As usual, I’ve uploaded working code onto my GitHub repository for your reference. Enjoy!

Working with NDP

Contrary to what the Arduino documentation suggests¹, the PDM library cannot actually be used on the Nicla Voice. After digging through tons of documentation, source code and datasheets, I’ve come to the conclusion that the only way to grab audio data from the microphone is through the NDP class.

This was tricky to figure out and work with because the NDP class will only be initialised if all 3 required synpkg files on your flash are successfully loaded. It also means that your Nicla Voice will always boot with a bunch of debug information written to UART, regardless of whether you need to use the NN model.

// without these, you can't use your Nicla Voice at all:
NDP.begin("mcu_fw_120_v91.synpkg");
NDP.load("dsp_firmware_v91.synpkg");
NDP.load("ei_model.synpkg");
// in loop(), NN model runs immediately and starts printing into serial if there are match events

The solution is pretty simple. Send a b character from your Python script and use it to:

stop inferencing, and
control your device loop

// audio-serial.ino, loop()
while (1) {
  int thisChar = Serial.read();
  if (thisChar == 98) { // 'b' character
    break;
  }
}

# mic_serial.py
ser.write('b'.encode('utf-8'))
while True: 
  data = ser.readline() # clear the buffer
  if data: break

Extracting and transmitting

Unlike the Nicla Vision, the only way you can access audio samples is through the NDP.extractData method:

uint8_t _local_audio_buffer[_samples] = { 0 };

while (_local_current_samples < required_samples) {
  NDP.extractData(&_local_audio_buffer[read], &len);

  if (len != 0) {
    read += len;
    if (read >= read_size * 2) {
      Serial.write(_local_audio_buffer, read);
      _local_current_samples += (read / 2);
      read = 0;
    }

  } else {
    delay(1);
  }
}

Although the IM69D130 microphone documentation² states that it produces PDM output, the nRF52832 SoC³ has decimation filters that automatically converts PDM data into PCM samples.

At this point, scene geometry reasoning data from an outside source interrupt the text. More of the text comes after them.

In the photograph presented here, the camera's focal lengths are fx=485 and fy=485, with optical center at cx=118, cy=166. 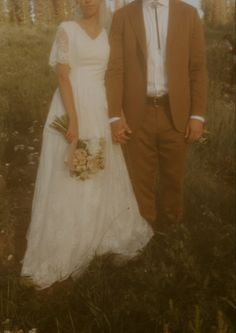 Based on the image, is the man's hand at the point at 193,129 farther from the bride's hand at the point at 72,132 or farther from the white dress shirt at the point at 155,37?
the bride's hand at the point at 72,132

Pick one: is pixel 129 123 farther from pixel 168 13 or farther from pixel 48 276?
pixel 48 276

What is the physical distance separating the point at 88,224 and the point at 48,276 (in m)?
0.49

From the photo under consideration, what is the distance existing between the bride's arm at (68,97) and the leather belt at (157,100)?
64 centimetres

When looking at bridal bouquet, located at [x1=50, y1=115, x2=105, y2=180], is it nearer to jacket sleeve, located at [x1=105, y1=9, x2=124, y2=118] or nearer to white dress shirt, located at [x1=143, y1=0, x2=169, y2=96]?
jacket sleeve, located at [x1=105, y1=9, x2=124, y2=118]

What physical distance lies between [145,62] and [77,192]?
1.09 m

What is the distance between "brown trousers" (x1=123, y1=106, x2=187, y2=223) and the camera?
379 cm

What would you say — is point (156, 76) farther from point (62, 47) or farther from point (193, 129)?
point (62, 47)

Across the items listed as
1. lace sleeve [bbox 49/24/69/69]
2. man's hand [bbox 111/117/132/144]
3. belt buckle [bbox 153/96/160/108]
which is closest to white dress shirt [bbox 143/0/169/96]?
belt buckle [bbox 153/96/160/108]

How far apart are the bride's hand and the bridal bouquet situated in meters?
0.04

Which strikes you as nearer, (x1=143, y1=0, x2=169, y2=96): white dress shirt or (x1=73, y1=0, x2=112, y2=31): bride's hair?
(x1=73, y1=0, x2=112, y2=31): bride's hair

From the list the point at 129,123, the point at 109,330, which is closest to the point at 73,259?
the point at 109,330

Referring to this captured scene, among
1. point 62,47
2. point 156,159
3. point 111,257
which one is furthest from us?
point 156,159

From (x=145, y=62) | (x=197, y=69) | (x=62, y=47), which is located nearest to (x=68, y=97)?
(x=62, y=47)

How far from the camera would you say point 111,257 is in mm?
3881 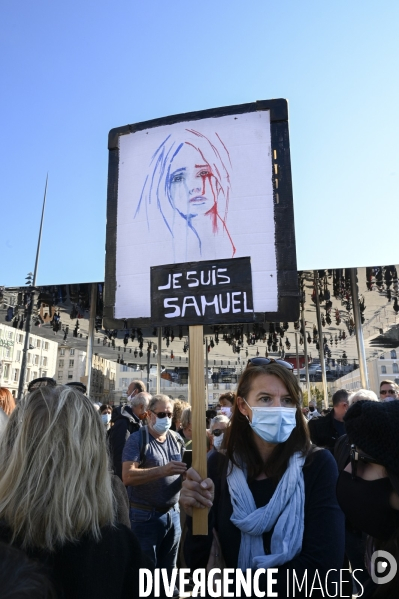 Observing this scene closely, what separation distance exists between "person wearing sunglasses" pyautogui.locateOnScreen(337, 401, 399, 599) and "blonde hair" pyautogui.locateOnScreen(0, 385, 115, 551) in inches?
33.8

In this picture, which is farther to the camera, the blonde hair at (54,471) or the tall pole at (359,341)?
the tall pole at (359,341)

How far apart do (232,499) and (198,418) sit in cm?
42

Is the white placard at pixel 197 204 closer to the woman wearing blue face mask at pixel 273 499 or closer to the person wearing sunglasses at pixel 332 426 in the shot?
the woman wearing blue face mask at pixel 273 499

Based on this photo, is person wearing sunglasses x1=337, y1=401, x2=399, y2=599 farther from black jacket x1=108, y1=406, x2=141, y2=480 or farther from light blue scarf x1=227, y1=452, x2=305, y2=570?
black jacket x1=108, y1=406, x2=141, y2=480

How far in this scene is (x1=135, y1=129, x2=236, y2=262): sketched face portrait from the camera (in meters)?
2.63

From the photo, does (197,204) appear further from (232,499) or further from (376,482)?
(376,482)

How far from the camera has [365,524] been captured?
1.51 meters

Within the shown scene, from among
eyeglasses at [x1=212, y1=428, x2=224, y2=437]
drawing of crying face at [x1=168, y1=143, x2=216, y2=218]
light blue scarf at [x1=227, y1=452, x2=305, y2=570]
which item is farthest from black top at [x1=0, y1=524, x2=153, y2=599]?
eyeglasses at [x1=212, y1=428, x2=224, y2=437]

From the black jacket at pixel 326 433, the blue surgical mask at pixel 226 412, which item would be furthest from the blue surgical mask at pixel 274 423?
the blue surgical mask at pixel 226 412

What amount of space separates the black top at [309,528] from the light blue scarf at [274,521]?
0.05 meters

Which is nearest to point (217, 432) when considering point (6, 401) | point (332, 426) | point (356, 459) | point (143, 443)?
point (332, 426)

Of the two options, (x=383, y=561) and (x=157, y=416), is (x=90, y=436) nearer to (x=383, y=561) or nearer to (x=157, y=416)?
(x=383, y=561)

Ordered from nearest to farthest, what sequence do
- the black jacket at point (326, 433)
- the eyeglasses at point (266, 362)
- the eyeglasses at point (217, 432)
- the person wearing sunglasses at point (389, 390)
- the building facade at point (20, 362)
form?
1. the eyeglasses at point (266, 362)
2. the black jacket at point (326, 433)
3. the eyeglasses at point (217, 432)
4. the person wearing sunglasses at point (389, 390)
5. the building facade at point (20, 362)

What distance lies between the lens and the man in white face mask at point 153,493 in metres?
4.27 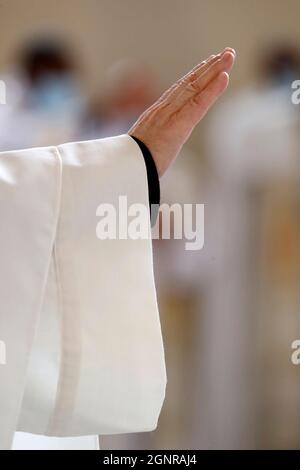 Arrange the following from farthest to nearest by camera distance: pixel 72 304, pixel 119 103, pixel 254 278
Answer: pixel 254 278
pixel 119 103
pixel 72 304

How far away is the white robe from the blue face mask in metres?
0.77

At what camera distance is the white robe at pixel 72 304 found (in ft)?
1.42

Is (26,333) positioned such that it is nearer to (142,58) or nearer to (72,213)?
(72,213)

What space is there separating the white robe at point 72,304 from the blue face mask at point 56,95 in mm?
768

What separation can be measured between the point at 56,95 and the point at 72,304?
0.93 meters

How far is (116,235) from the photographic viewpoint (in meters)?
0.46

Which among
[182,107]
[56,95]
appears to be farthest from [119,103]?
[182,107]

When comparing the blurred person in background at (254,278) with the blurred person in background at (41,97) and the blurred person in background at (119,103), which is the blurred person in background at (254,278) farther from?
the blurred person in background at (41,97)

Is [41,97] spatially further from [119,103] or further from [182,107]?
[182,107]

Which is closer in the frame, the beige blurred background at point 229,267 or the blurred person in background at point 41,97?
the blurred person in background at point 41,97

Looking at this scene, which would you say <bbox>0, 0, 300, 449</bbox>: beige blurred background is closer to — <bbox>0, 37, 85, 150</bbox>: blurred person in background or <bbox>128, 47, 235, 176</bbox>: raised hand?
Answer: <bbox>0, 37, 85, 150</bbox>: blurred person in background

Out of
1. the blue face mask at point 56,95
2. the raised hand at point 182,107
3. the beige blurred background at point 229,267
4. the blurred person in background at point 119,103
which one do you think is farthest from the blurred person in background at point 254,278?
the raised hand at point 182,107

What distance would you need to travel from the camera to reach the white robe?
17.0 inches

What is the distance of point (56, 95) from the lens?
1.29 m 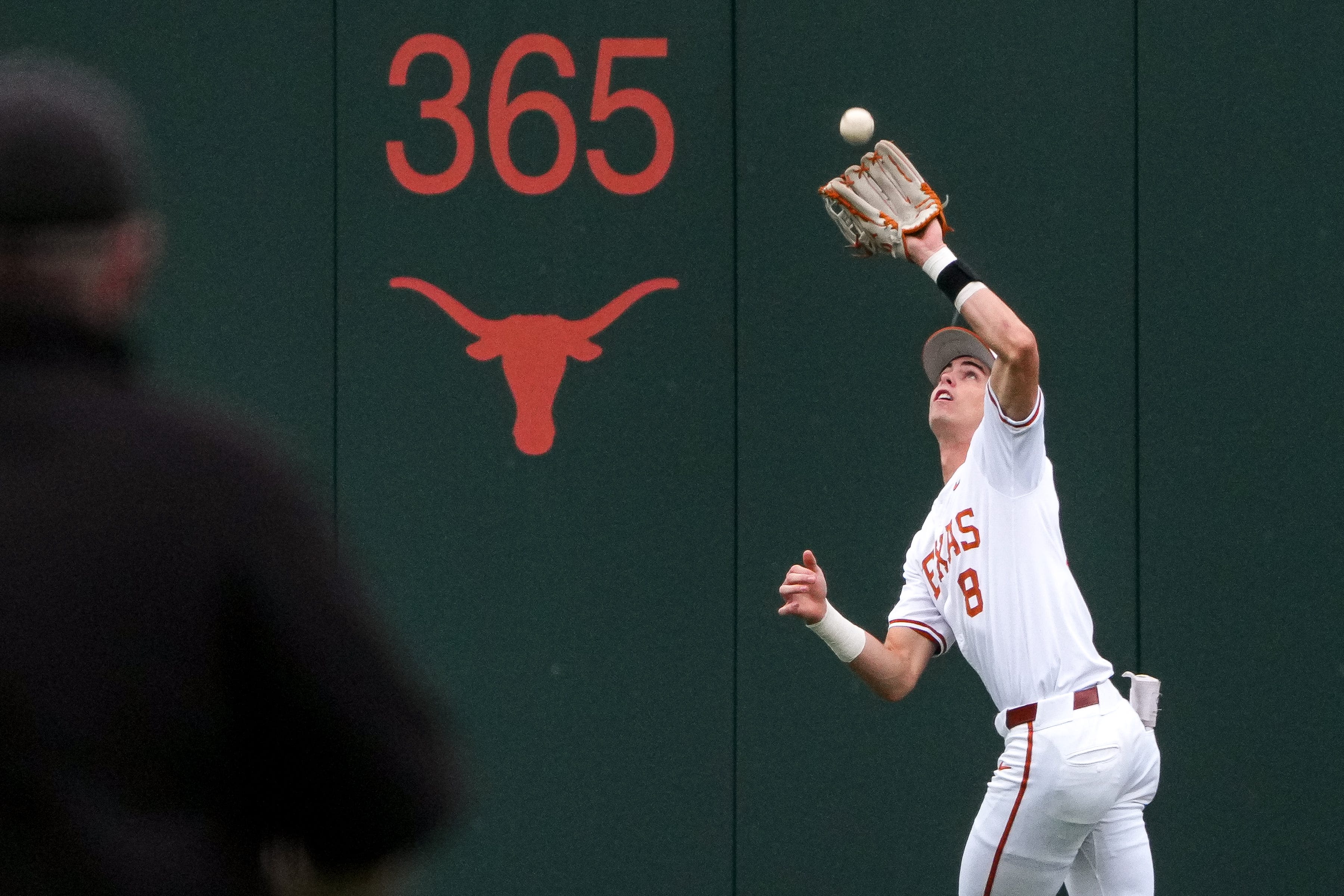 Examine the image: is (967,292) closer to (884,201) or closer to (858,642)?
(884,201)

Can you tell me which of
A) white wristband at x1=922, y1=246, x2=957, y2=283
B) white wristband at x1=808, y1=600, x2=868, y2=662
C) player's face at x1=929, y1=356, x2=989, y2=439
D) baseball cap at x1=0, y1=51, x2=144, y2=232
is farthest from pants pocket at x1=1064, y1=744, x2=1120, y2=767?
baseball cap at x1=0, y1=51, x2=144, y2=232

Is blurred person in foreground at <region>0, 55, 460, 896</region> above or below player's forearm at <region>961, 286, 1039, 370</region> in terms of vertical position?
below

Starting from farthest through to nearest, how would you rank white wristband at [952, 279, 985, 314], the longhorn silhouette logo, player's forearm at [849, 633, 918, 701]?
the longhorn silhouette logo, player's forearm at [849, 633, 918, 701], white wristband at [952, 279, 985, 314]

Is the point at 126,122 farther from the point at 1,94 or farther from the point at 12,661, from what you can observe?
the point at 12,661

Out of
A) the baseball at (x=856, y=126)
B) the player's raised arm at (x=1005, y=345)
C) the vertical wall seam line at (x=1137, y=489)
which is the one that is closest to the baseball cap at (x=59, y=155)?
the player's raised arm at (x=1005, y=345)

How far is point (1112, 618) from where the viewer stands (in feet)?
18.0

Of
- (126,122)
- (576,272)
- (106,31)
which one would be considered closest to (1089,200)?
(576,272)

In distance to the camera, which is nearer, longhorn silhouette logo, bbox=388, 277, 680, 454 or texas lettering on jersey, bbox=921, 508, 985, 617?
texas lettering on jersey, bbox=921, 508, 985, 617

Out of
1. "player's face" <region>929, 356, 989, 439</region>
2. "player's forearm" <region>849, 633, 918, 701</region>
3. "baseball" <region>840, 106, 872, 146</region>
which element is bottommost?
"player's forearm" <region>849, 633, 918, 701</region>

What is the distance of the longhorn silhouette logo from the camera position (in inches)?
220

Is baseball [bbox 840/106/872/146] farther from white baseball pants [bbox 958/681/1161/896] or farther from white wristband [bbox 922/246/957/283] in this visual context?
white baseball pants [bbox 958/681/1161/896]

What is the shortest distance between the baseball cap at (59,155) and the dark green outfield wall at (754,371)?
4230 mm

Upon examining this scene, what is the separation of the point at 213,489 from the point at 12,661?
0.21 meters

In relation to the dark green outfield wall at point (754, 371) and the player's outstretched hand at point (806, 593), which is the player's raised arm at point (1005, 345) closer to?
the player's outstretched hand at point (806, 593)
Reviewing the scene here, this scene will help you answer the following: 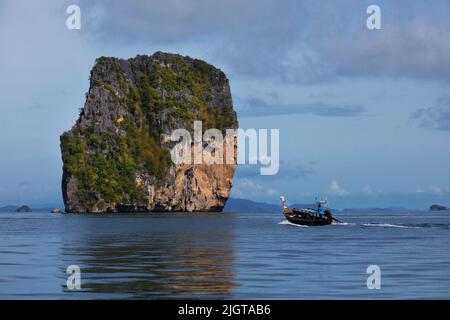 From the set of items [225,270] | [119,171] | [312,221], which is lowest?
[312,221]

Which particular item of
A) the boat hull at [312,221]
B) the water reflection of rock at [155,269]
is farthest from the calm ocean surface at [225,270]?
the boat hull at [312,221]

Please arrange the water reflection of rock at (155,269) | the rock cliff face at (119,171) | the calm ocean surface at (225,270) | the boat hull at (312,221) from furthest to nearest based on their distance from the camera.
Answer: the rock cliff face at (119,171), the boat hull at (312,221), the water reflection of rock at (155,269), the calm ocean surface at (225,270)

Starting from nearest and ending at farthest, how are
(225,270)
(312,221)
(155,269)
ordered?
1. (225,270)
2. (155,269)
3. (312,221)

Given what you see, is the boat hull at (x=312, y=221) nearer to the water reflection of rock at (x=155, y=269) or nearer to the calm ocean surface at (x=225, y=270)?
the calm ocean surface at (x=225, y=270)

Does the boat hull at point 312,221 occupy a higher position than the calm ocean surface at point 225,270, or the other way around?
the calm ocean surface at point 225,270

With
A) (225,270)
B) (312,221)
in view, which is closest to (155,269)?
(225,270)

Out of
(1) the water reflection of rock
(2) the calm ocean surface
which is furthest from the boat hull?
(1) the water reflection of rock

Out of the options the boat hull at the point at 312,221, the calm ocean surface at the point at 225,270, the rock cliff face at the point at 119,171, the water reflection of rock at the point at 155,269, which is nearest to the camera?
the calm ocean surface at the point at 225,270

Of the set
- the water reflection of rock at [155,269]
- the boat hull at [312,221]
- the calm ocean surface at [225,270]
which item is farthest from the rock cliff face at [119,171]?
the water reflection of rock at [155,269]

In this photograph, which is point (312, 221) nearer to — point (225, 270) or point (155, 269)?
point (225, 270)

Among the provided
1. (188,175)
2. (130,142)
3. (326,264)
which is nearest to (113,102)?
(130,142)

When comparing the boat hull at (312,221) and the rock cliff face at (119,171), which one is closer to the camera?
the boat hull at (312,221)

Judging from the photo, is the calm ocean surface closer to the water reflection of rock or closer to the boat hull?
the water reflection of rock

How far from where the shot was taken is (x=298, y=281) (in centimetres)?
3125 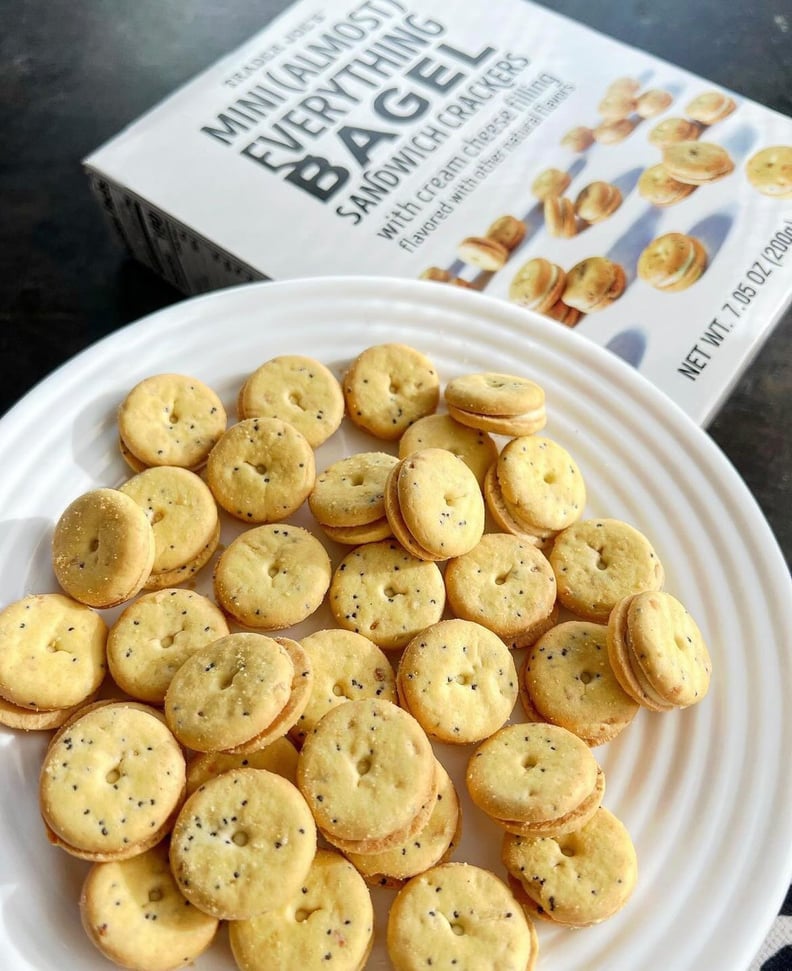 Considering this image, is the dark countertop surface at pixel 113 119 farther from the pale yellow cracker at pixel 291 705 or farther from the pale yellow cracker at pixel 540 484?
the pale yellow cracker at pixel 291 705

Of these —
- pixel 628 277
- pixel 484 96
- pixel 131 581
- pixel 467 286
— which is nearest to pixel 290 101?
pixel 484 96

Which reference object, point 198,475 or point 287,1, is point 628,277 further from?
point 287,1

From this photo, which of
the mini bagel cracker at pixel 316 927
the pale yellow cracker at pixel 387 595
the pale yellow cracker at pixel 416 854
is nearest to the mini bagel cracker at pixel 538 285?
the pale yellow cracker at pixel 387 595

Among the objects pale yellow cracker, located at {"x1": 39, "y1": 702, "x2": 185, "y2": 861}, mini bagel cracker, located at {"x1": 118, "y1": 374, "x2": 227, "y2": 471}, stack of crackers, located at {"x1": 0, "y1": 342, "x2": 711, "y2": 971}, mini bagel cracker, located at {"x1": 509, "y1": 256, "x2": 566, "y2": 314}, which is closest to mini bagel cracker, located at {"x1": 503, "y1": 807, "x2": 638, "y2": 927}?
stack of crackers, located at {"x1": 0, "y1": 342, "x2": 711, "y2": 971}

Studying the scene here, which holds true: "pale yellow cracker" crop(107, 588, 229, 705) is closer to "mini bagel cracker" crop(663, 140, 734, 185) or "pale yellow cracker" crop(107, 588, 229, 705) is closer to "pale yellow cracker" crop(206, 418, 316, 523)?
"pale yellow cracker" crop(206, 418, 316, 523)

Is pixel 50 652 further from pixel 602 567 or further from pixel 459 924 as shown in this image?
pixel 602 567

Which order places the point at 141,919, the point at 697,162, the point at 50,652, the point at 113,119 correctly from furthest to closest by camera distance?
the point at 113,119
the point at 697,162
the point at 50,652
the point at 141,919

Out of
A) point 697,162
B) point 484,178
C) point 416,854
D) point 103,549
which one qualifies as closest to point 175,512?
point 103,549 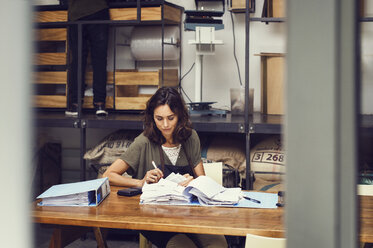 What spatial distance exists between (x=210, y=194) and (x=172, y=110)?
0.81m

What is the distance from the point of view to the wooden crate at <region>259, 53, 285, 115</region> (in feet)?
15.1

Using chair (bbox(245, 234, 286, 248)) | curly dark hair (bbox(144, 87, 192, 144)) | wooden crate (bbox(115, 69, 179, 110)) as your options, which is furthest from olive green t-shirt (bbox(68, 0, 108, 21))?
chair (bbox(245, 234, 286, 248))

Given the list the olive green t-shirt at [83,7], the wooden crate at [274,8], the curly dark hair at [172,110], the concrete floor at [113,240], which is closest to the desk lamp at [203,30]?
the wooden crate at [274,8]

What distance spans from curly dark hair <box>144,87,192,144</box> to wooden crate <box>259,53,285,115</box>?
1.60 metres

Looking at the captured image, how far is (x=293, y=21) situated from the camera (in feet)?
1.74

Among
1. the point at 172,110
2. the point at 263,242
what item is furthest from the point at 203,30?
the point at 263,242

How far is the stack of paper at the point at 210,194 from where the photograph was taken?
8.11 feet

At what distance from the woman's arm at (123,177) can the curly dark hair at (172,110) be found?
0.82 ft

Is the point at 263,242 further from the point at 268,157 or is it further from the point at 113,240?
the point at 113,240

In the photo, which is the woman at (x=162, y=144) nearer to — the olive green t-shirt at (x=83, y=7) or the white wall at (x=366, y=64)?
the olive green t-shirt at (x=83, y=7)

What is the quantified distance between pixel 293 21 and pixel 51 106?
4.79 meters

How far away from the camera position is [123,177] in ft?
9.84

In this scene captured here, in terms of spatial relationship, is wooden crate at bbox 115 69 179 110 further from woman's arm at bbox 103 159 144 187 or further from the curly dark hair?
woman's arm at bbox 103 159 144 187

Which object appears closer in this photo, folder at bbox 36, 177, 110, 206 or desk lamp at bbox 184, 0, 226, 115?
folder at bbox 36, 177, 110, 206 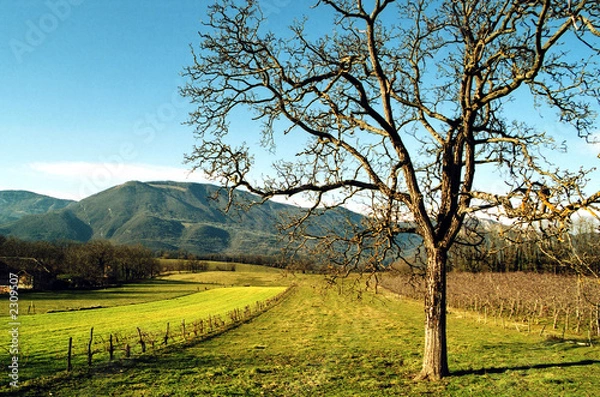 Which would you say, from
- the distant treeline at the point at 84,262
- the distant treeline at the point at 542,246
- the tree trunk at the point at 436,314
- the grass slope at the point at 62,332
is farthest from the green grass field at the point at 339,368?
the distant treeline at the point at 84,262

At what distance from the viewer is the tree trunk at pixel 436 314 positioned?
1110 cm

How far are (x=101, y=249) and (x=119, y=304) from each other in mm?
40455

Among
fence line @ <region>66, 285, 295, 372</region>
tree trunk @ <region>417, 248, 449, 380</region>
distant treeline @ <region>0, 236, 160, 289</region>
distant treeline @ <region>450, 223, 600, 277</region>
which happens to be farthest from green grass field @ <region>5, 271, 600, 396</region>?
distant treeline @ <region>0, 236, 160, 289</region>

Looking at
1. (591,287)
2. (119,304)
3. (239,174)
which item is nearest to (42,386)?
(239,174)

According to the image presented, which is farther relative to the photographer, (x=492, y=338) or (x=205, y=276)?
(x=205, y=276)

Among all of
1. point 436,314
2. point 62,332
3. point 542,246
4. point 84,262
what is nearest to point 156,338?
point 62,332

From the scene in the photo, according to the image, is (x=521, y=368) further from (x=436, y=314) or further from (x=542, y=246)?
(x=542, y=246)

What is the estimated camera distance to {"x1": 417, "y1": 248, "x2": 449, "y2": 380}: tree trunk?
1110 cm

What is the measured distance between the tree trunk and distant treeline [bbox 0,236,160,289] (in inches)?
2834

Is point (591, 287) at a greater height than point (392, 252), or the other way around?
point (392, 252)

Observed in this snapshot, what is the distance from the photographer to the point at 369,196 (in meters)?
11.2

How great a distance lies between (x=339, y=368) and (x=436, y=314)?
17.4 ft

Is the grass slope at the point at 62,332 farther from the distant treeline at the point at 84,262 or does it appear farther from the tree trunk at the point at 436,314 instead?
the distant treeline at the point at 84,262

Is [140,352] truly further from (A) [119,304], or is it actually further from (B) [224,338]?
(A) [119,304] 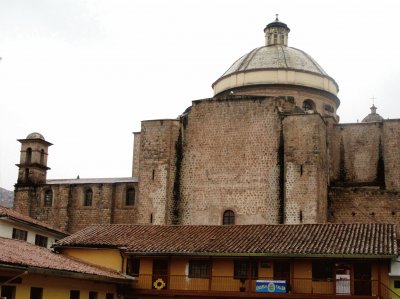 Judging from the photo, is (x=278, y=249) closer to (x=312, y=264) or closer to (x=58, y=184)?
(x=312, y=264)

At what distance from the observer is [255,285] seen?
26922 millimetres

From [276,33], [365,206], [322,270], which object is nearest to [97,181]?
[276,33]

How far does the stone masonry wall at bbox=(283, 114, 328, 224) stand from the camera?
3747cm

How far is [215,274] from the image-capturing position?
27.7 meters

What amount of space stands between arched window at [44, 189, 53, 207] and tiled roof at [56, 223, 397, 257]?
1630cm

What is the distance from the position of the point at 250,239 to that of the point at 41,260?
8.94 m

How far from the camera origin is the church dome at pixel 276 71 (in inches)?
1775

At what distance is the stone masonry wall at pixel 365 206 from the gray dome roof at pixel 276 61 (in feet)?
33.5

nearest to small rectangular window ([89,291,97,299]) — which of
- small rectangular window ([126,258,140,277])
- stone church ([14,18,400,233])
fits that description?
small rectangular window ([126,258,140,277])

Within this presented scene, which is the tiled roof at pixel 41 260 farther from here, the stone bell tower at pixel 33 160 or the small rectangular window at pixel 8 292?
the stone bell tower at pixel 33 160

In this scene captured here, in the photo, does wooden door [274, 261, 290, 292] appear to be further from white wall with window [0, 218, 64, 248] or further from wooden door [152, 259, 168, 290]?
white wall with window [0, 218, 64, 248]

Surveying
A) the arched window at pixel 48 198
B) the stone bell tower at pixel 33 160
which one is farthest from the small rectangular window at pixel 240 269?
the stone bell tower at pixel 33 160

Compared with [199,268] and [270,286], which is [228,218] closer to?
[199,268]

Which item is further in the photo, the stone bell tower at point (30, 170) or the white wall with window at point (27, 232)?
the stone bell tower at point (30, 170) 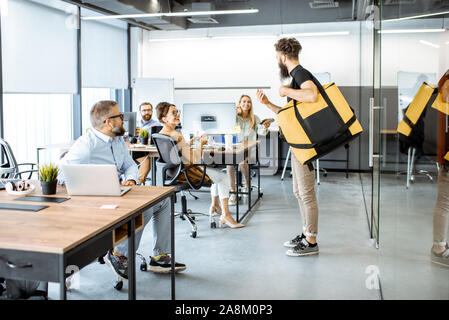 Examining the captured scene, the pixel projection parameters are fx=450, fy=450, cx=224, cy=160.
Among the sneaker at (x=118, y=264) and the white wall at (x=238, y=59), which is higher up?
the white wall at (x=238, y=59)

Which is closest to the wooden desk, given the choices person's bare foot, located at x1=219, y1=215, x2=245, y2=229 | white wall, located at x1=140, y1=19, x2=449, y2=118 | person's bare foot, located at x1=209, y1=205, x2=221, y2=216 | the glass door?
the glass door

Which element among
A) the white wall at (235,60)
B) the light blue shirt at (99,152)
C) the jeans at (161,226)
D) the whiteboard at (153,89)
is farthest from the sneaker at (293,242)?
the whiteboard at (153,89)

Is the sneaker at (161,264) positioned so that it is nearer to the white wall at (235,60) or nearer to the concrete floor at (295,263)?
the concrete floor at (295,263)

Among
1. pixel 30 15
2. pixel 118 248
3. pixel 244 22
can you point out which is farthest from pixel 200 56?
pixel 118 248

Module layout of nRF52832's PDM module — Decimation filters convert PDM data into PCM samples

Take note that NDP.extractData writes into a uint8_t array, which was strange at first because PCM data is usually in 16-bit signed integer format. I assumed that this was for ease of writing into a block device or transmitting over serial (one byte at a time).

Next, create and manage buffers sized according to the device’s audio chunk size and your desired sample length. Then, clear the extracted audio buffer whenever it reaches a certain size and just write it to the serial port.

Receiving audio samples

If you’re using my Python script, you’ll need to install the pyserial module to proceed. By default, the Nicla Voice’s microphone produces mono-channel 16-bit audio samples at a rate of 16000Hz, so just replicate the settings accordingly:

with wave.open('output.wav', 'wb') as wav_file:
  wav_file.setframerate(16000)
  wav_file.setnchannels(1)
  wav_file.setsampwidth(2)

  try:
    while True:
      # Read data from serial port, 1024 bytes at a time
      data = ser.read(1024)
      if not data: break
      # received odd number of bytes
      if (len(data) % 2) != 0:
        data = data[:-1]
      # 16-bit signed PCM samples (big endian)
      samples = struct.unpack(f'>{len(data)//2}h', data)
      # convert to little endian
      wav_file.writeframes(struct.pack(f'<{len(samples)}h', *samples))

All that’s left to do is to unpack binary data from the serial port and write them into a .wav file. Because we’re receiving 16-bit data, getting the byte order (endianness) correct is the difference between an accurate audio file and static noise that will make your ears bleed.

Conclusion

As mentioned in the beginning of this article, I wasn’t able to use the audio samples for training in the end as the sound was choppy at best, and sometimes missing large chunks of audio. I’m not too sure what the reason is at this point, but I’m guessing this is primarily due to the Arduino platform’s implementation of its Serial.write method, which blocks the device if the serial buffer is full. It doesn’t help that the buffer is only 64 bytes large! It seems as if the microphone stops sampling whenever the device is blocked.

A viable solution is to replicate Edge Impulse’s way of sampling audio, which is to write audio data directly to flash memory first before transmitting it later. This would give us much higher quality audio, but sample length would be limited to available Flash memory.